Het gaat vooral om het creëren van een warme en gezellige sfeer, zegt Edelkoort: “Stevige, dikke stoffen als corduroy worden belangrijker. Bruin wordt wakker van een sabbatical with a vengeance.” Behalve voor bruin ziet Edelkoort in de nabije toekomst een belangrijke rol weggelegd voor herwaardering voor en kennis van textiel. Volgens haar is onderwijs over materialen en technieken, evenals het overstappen op kleinschalig, lokaal produceren cruciaal voor de overleving van de industrie.
Bochel
Daarnaast ziet Edelkoort dat de mannenmode-industrie enorm toeneemt, doordat mannen meer gaan vaderen, eleganter worden en minder macho. Dat zou kunnen uitmonden in een groeiende acceptatie van mannen in voorheen typische vrouwenkleren als jurken en rokken, of in kleding gemaakt van materialen die als feminien te boek staan, zoals kant, voile en fluweel. Daarmee zou genderneutrale kleding weer een stap verder komen dan nu het geval is. Want zoals dr. Valerie Steele van het Museum at the Fashion Institute of Technology in New York vorig weekend constateerde in Volkskrant Magazine, slaat genderneutrale mode nu vooral op mannenkleding die ook door vrouwen kan worden gedragen - en dat was honderd jaar geleden nieuw, maar in 2020 niet meer.
Of de voorspellingen van Edelkoort en Fitzwalter uitkomen, is nog de vraag. Het enige waarvan we vrijwel zeker kunnen zijn, is dat kleding de komende tien jaar groter zal worden dan ooit. Niet omdat wijde kleding hip wordt of omdat we allemaal genderneutrale boernoesen gaan dragen, maar omdat de dragers lijfelijk in volume toenemen. Het Centraal Bureau voor de Statistiek constateerde in zijn jaarlijkse gezondheidsenquête dat Nederlanders de afgelopen tientallen jaren langer en zwaarder zijn geworden. Mannen zijn nu 3,8 centimeter langer en 2,3 kilo zwaarder per centimeter die ze langer werden dan in 1981; vrouwen 1,5 centimeter en maar liefst 4,7 kilo per gewonnen centimeter zwaarder. Ook Belgen, wijzen onderzoeken uit, zijn de afgelopen decennia langer en zwaarder geworden.

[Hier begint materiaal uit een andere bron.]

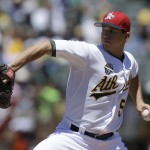 Oakland Athletics' Tommy Milone works against the Toronto Blue Jays in the first inning of a baseball game on Friday, July 4, 2014, in Oakland, Calif. (AP Photo/Ben Margot)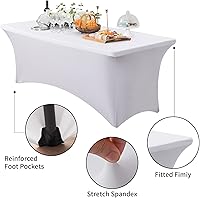 Vista 2 de Mantel de elastano de 6 pies, mantel elástico universal para mesas rectangulares, mantel elástico universal para mesa de patio para bodas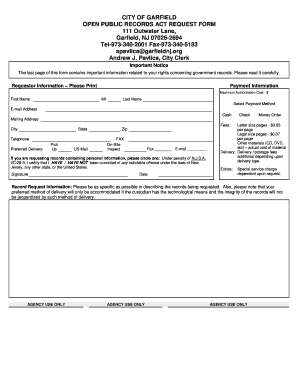 CITY of GARFIELD OPEN PUBLIC RECORDS ACT REQUEST FORM 111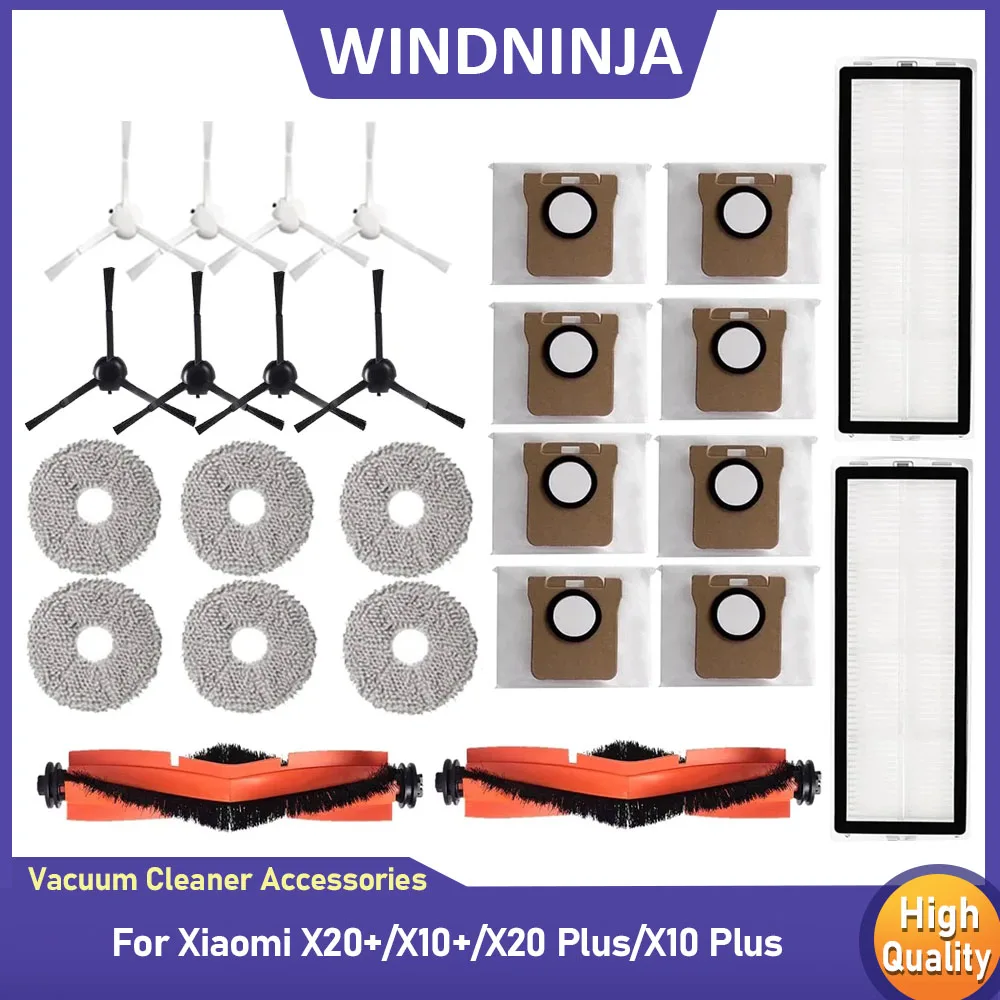 Dust Bag Mop Cloth Accessories For Xiaomi Robot Vacuum X20+/X10+/X20 Plus/X10 Plus Main Side Brush Hepa Filter Replacement Parts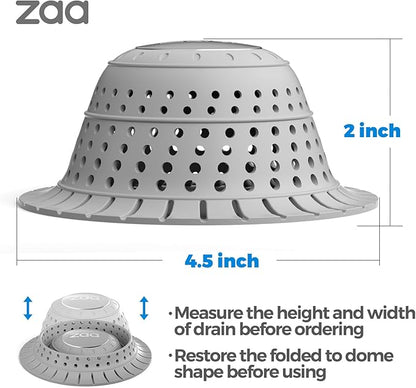 zaa Bathtub Drain Hair Catcher, Silicone Collapsible 3 Pack Drain Protector for Pop-Up and Regular Drains of Shower, Bathtub, Tub, Bathroom, Sink, Black Grey Blue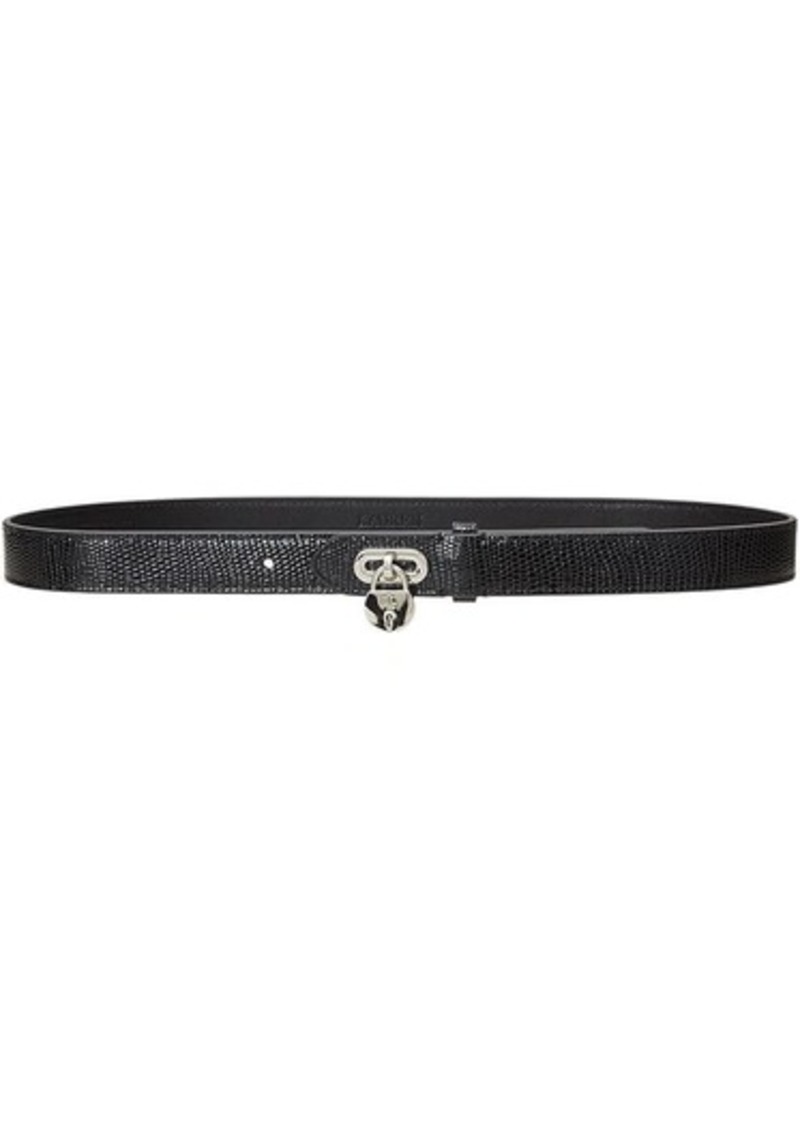 Ralph Lauren Padlock Lizard-Embossed Leather Belt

Genoeg reden om aan te nemen dat, als de welvaart aanhoudt, mannen en vrouwen de komende tien jaar nog groter en zwaarder worden. Dat betekent dat de patronen opnieuw onder de loep moeten worden genomen. Maar dat moeten ze toch al, voorspelde eerdergenoemde meesterkleermaker Roy Verschuren op het najaarssymposium van de Textielcommissie. De reden daarvoor is dat het menselijk lichaam ook op andere punten aan het veranderen is. Omdat mensen met een smartphone uren per dag voorovergebogen op hun scherm zitten te turen, zal de stand van het hoofd en daarmee de nek veranderen en op den duur een lichte bochel veroorzaken. Voor een goed zittend jasje, overhemd of jurk zal het rugpand navenant verlengd en gekromd moeten worden.

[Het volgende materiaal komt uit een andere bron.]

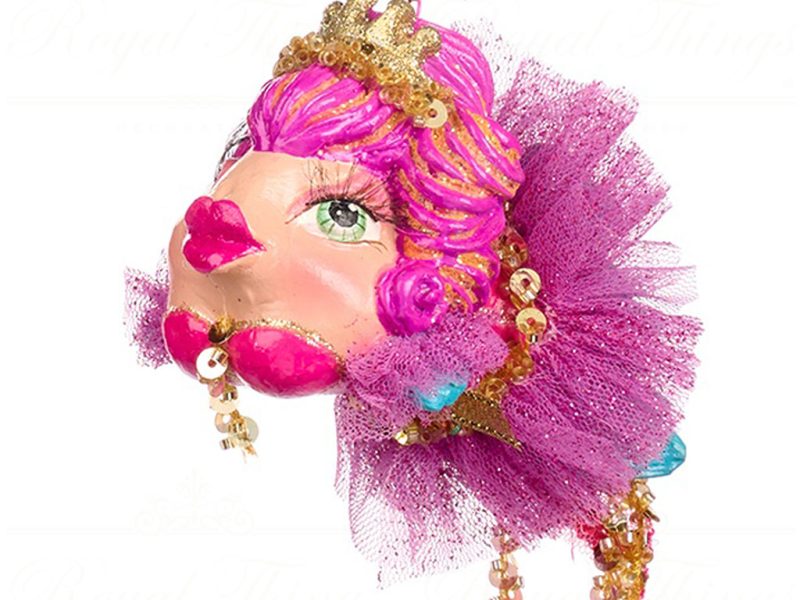 B 86355 Goodwill Christmas Ornaments Eleganza Tiara Fish Ornament Pink Blue Pink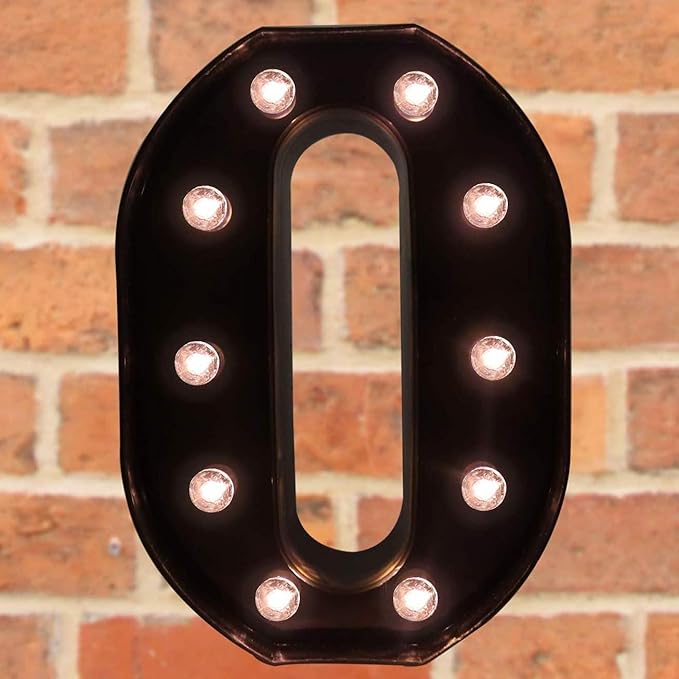 Decorative LED Illuminated Letter Marquee Sign - Alphabet Marquee Letters with Lights For Wedding Birthday Party Christmas Night Light Lamp Home Bar Decoration O, Black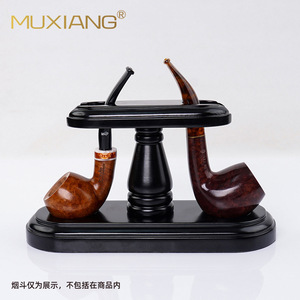 Muxiang Wooden <b>Pipe</b> <b>Stand</b> Dual Seat Vertical Display Rack For Smoking <b>Pipes</b> Durable Solid Wood Base - Product Image 3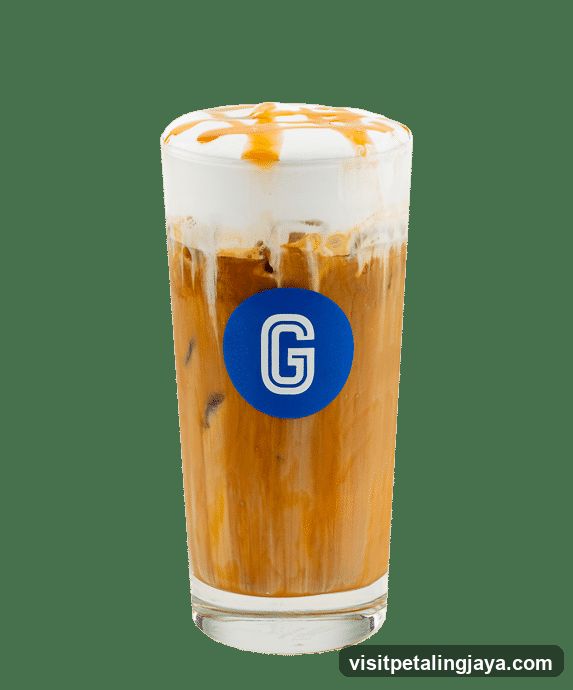 Iced Coffee with Cream and Caramel Drizzle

Lang verhaal kort door de bocht: de komende tien jaar hullen we ons in dikke, donkerbruine, wijde, gerecyclede, weerbestendige, technoslimme capes, een beetje alsof we met z’n allen verkleed als Jedi naar een rollenspel-evenement gaan, lekker twenties afgestyled met een bult op de rug en een stropdas om de hals. Een huiveringwekkend beeld, al is er één voordeel: meedoen aan de mode is nog nooit zo gemakkelijk geweest.